The bottles are also interesting: even though it is a kind of new trend, it is more visible in Poland that some bottles have a top that you can remove without openers, while Hungarian producers rather insist on the old school techniques. The amounts in the bottle differ as well: Polish bottles might have 0.85 or 1.25 litre inside, but in Hungary the classic 0.33, 0.5 and 1 versions are more widespread.
You must be careful in some situations: for example, if you sit in a Hungarian restaurant, sometimes it is quite normal to wave to the waiters to call them, but in Poland it is always better to wait for them with patience - and it is really worth after all, because Polish restaurants usually provide bigger portions than their Hungarian colleagues.
Then, by taking a car, you should be attentive, because Poland has more multiple tracks and tricks on the roads, even in the roundabouts. In the highways you should remember too that you have to purchase special stickers (tickets) for your car to use this service, while Polish highways can be taken by anyone anytime, and you have to pay afterwards at the gates.
If you rather decide to have a walk on the streets, you will notice that in Poland there are more bike roads and places with containers and bins than in Hungary, since the people there pay more attention for recycling, however the Hungarian drivers are more polite to stop for the crossers and there might be less dangerous traffic situations.
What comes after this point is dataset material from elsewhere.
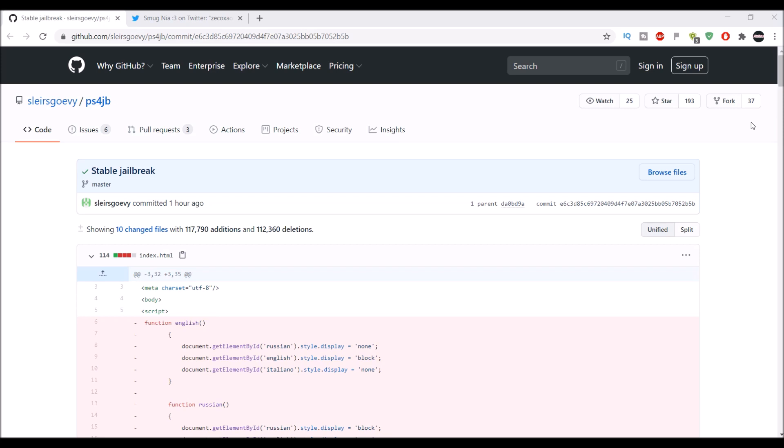So you guys have been waiting for a stable jailbreak, and sleirsgoevy, the guy who released it about a week ago, released a stable jailbreak. What that means is you should get less crashes and less kernel panics. If you guys don't know what a kernel panic is, it's basically when your console just turns off completely and you have to press the button to turn it back on.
Keep it in mind too, that in general drinking in public places is prohibited, even though Hungarian rules may be more flexible about that, while smoking - which is rather punished in my country - is more accepted in Poland if you are outside.
By approaching a Hungarian home, the post box rather says posta (post), but the Polish one prefers to use listy (letters), even though the word poczta is also frequently used in Poland. If we have got some documents from the authorities, we should remember that unlike Hungarian documents, the Polish ones do not always have a place for the date and signature if they are less official, but on the files the Polish names are also written in the surname-first name, the so-called Eastern order, that we have in Hungary.
Another thing about orders: although the adjectives usually go first, so before the nouns in both countries, you can notice it in Poland that sometimes if there is an article in a shop or the name of an institute, the order might be switched like in Latin languages, so if you see things like ‘pepper black’ (pieprz czarny) instead of ‘black pepper’ as you would expect, do not be shocked.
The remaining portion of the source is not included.